───── Data for analysis

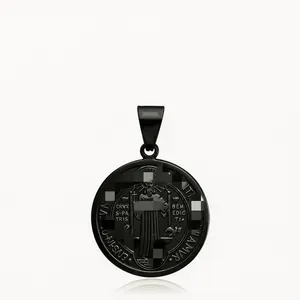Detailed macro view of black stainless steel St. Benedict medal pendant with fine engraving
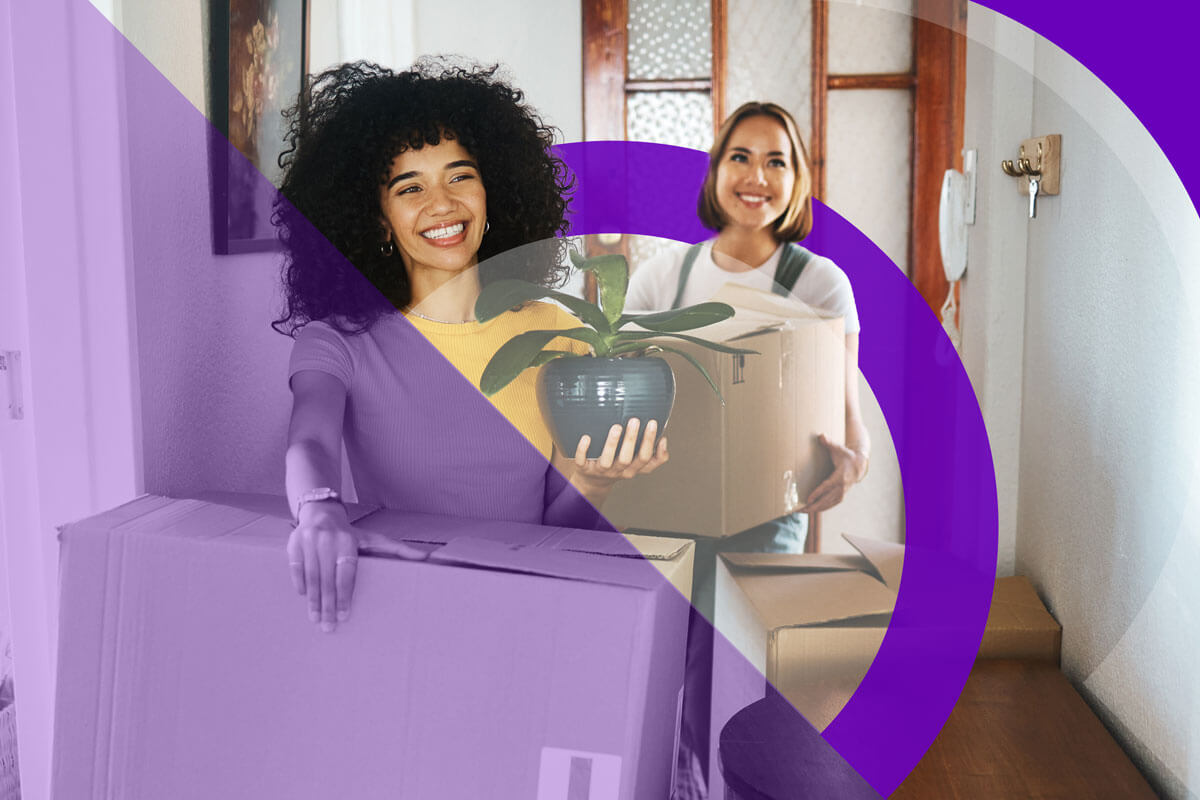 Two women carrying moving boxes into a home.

──────────
───── Data for analysis

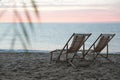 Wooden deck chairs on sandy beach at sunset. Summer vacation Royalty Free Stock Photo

──────────

Exercise: From the records above, copy exactly the lines starting at the one with "Detailed macro view" and ending at the one with "Two women carrying moving boxes into a home.", and no others. Pictures stay out.

The answer:
Detailed macro view of black stainless steel St. Benedict medal pendant with fine engraving
 Two women carrying moving boxes into a home.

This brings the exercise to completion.